Mother Teresa
Nobel peace laureate Mother Teresa in 1995 Reuters

Mother Teresa of Calcutta is to be made a saint of the Catholic Church after Pope Francis signed off on a miracle attributed to her.

Italian paper Avvenire, affiliated with the bishops' conference, said the Pope approved the miracle during an audience on 17 December, the day of his 79th birthday.

The miracle concerned the "scientifically inexplicable" cure on 9 December 2008 of a man, now 42-year-old, in Brazil. He was reduced in a coma by multiple brain abscesses and already had a kidney transplant and immunosuppressive therapy.

The Vatican ascertained that his wife's prayers for Mother Teresa's intercession were responsible for the cure.

Beatification by the Catholic Church requires one miracle, while becoming saint requires proof of at least two miracles.

Born from Albanian parents in Macedonia in 1910, Mother Teresa's real name was Anjeze Gonxhe Bojaxhiu. She founded the Missionaries of Charity to help the poor on the streets of Calcutta and the religious order later spread around the world.

Mother Teresa was beatified in 2003 after Pope John Paul II accepted as authentic a miracle attributed to her. The curing of an Indian woman suffering from an abdominal tumour was deemed to be the result of the supernatural intervention of the nun.

However, Indian rationalists challenged the claim of Missionaries of Charity, who said a photograph of Mother Teresa, placed on the stomach of 30-year-old Monica Besra, cured her of tumour. Prabir Ghosh, general secretary of the Indian Rationalist and Scientific Thinking Association, said Besra continued to receive treatment after the nun died, according to interviews with several doctors.

In recognition to her work to help the poor in the slums of Calcutta, Mother Teresa was awarded the Nobel Prize. She died on 5 September 1997 aged 87. At the time of death, the Indian-based order had nearly 4,000 nuns and ran roughly 600 orphanages, soup kitchens, homeless shelters and clinics. Pope Francis is a big fan of Mother Teresa and during a visit to Albania he even confided to his interpreter that he feared the little woman's fortitude.

When he was Archbishop, Pope Francis, then Jorge Mario Bergoglio, met the nun during a 1994 bishop synod at the Vatican.

"Bergoglio had Mother Teresa behind him, nearby, and he heard her intervene often with great strength, without letting herself in any way be intimidated by this assembly of bishops," the Vatican spokesman, the Rev. Federico Lombardi, later recounted. "And from that he developed a great esteem for her, as a strong woman, a woman able to give courageous testimony."

The second miracle

The miracle concerned the "scientifically inexplicable" cure on 9 December 2008 of a man, now 42-year-old, in Brazil.

The man, an engineer, had just got married when doctors found eight abscesses in his brain. His situation worsened with the emergence of an hydrocephalus condition, which forced the doctors to perform medical surgery. He was induced in a coma, but the surgery was delayed due to technical problems. After just half an hour, the doctors was startled to find the patient awake, sitting on his bed and without any symptoms asking: "What am I doing here?"

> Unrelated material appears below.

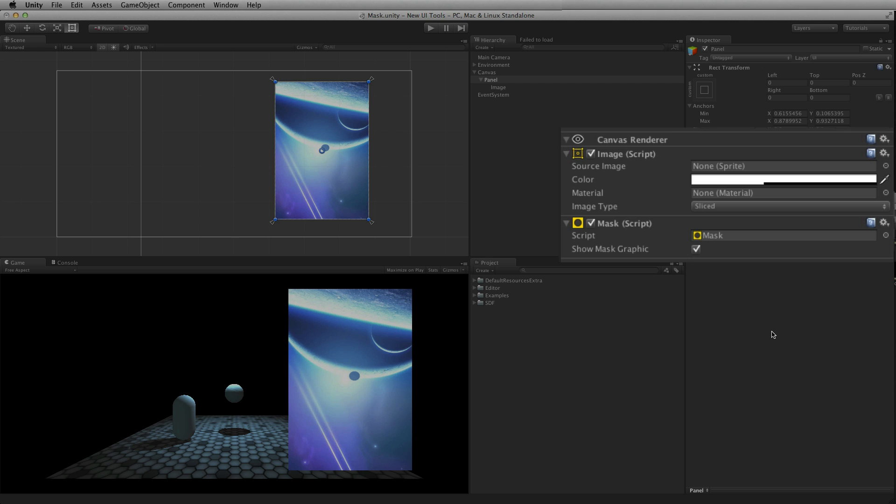Two items are needed to create a working mask: a mask element to create the mask and an image element to define the shape of the mask.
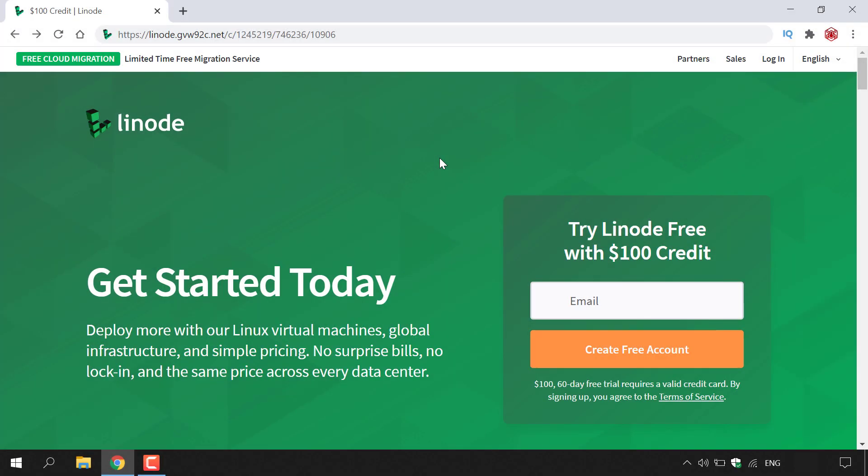How to get $100 free Linode promotional credit. The first thing you need to do is open up your browser. Once you've done that, you'll need to navigate to the following URL address.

The doctors told the medical board responsible to analyse the episode that "I've never seen a similar medical case". "In 17 years of practice, all cases similar to this one have died. I can't give any scientific or medical explanation," he said.

Further exams showed that the patient had completely healed and he could go back to work and his everyday life.

The Vatican ascertained that his wife's prayers to Mother Teresa were responsible for the cure. The woman asked friends and family to pray the late nun to whom she was a devout. "Ask Mother Teresa to heal him", she said.

During that half an hour between the failed surgery and the healing, a priest and the patient's family were praying Mother Teresa in the hospital's chapel.